A major source for the theoretical backing of my first book (Retcon Game: Retroactive Continuity and the Hyperlinking of America) was Mark J. P. Wolf’s Building Imaginary Worlds: The Theory and History of Subcreation. When it came time to get a pull quote for the front of the book, the publisher and I approached Mark, who was gracious enough to provide one. He then wrote to me about the new Imaginary Worlds series that he’s editing four Routledge press. Spinning out of his earlier work, the series consists of relatively short academic monograph exploring various fictional worlds, ranging from Mr. Roger’s “Neighborhood of Make-Believe” to The Walking Dead. Since Retcon Game dealt so extensively with comic book continuity, Mark thought of me for writing a book about the world of DC Comics.
My first proposal for the book was way too broad for a small, focused text, so I tried to center in on what I thought made the world-building in DC Comics’ publications unique. What I realized, then, was that this was the first fictional world to fully exploit the possibilities of a multiverse—the idea of parallel realities with similar, slightly different, and/or radically unique takes on the same world, characters, storylines, etc. So the book became a history and examination of how DC Comics has used the concept of a multiverse to tell stories that focus on legacy, possibility, and (most importantly) fun!
And according to my grandmother, you can understand it even if you’re not previously familiar with the comic book stories or characters I discuss and analyze.
2. What projects or people have inspired your work?
Janet Davis was my advisor at UT, and she’s my primary model as a scholar. I learned from her that to interrogate popular culture means to constantly keep aware of intersectional issues of race, gender, class, sexuality, etc., and that following your personal interests, fascinations, and obsessions can be a fruitful endeavor so long as you always keep in mind the “so what” question of why these things are meaningful. As previously mentioned, I’m also very influenced as a scholar by Mark J. P. Wolf, who has sort of laid out the framework for how to interrogate large-scale fictional constructs like the DC Universe.

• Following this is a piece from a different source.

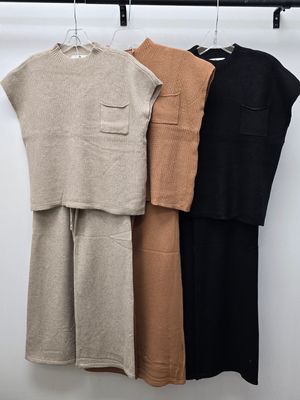 Sleeveless Sweater Set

However, I’m probably most inspired by creative works. The reason I like exploring fictional realms of such big scope is because I love escaping into the world of comic books, or Star Wars, or theme parks. In fact, perhaps my biggest inspiration is, believe it or not, the Disney theme parks. The way in which the Disney Imagineers create wholly immersive realms that pay attention to every detail never ceases to amaze me, and so I always try to bring that same sense of structure, scale, and specificity to my own work, whether it’s creative, journalistic or academic.
3. How does your background in American Studies impact your writing, and your career in general?
My current “day job” is as a copywriter, which involves a mix of technical detail, attention to careful crafting of language, and the ability to think of an interconnected broader picture. These same skills are vital in my other work, as a playwright and a theater critic/reviewer here in Austin.
All of that comes from the academic training I received in American Studies, a field that encourages an equal focus on both that zoomed out focus and very tiny intricacies. So it has impacted my career and my writing outside of my academic work, allowing me to look at both the large and the small scale simultaneously.
4. What advice do you have for students in our department about getting the most out of their experience at UT?
Probably my biggest advice is to not center your life around UT or the department. As much as I learned all the skills I use in my current jobs as a graduate student, a great deal of career-building comes from good old-fashioned networking. Much of my social life during my time in grad school centered around a competitive karaoke league, and I volunteered to run the league’s social media. It was through that experience, and the contacts I made as a result, that I was able to get my foot in the door in the copywriting world. They say that luck is what happens when opportunity meets preparedness—grad school gives you the preparedness, but getting out there and living a life besides graduate work gives you the opportunities.
I would also say start thinking now about what kind of career you’d like to pursue besides the traditional tenure-track path. Those jobs are getting rarer and harder to get, but you can parlay your skills into so many different exciting directions, and focusing too much on just one road to success and happiness risks setting yourself up for disappointment.
5. What projects are you excited to work on in the future?
I’m currently writing a paper for an edited collection about fictional narratives inspired by tourist attractions, and long-term I want to work on a broader project about immersive entertainment, in general.
But my primary focus right now is actually on the creative side. I’m workshopping several new plays and getting started on some other creative writing projects, all of which should keep me busy for a few years before I (hopefully) return to another academic monograph.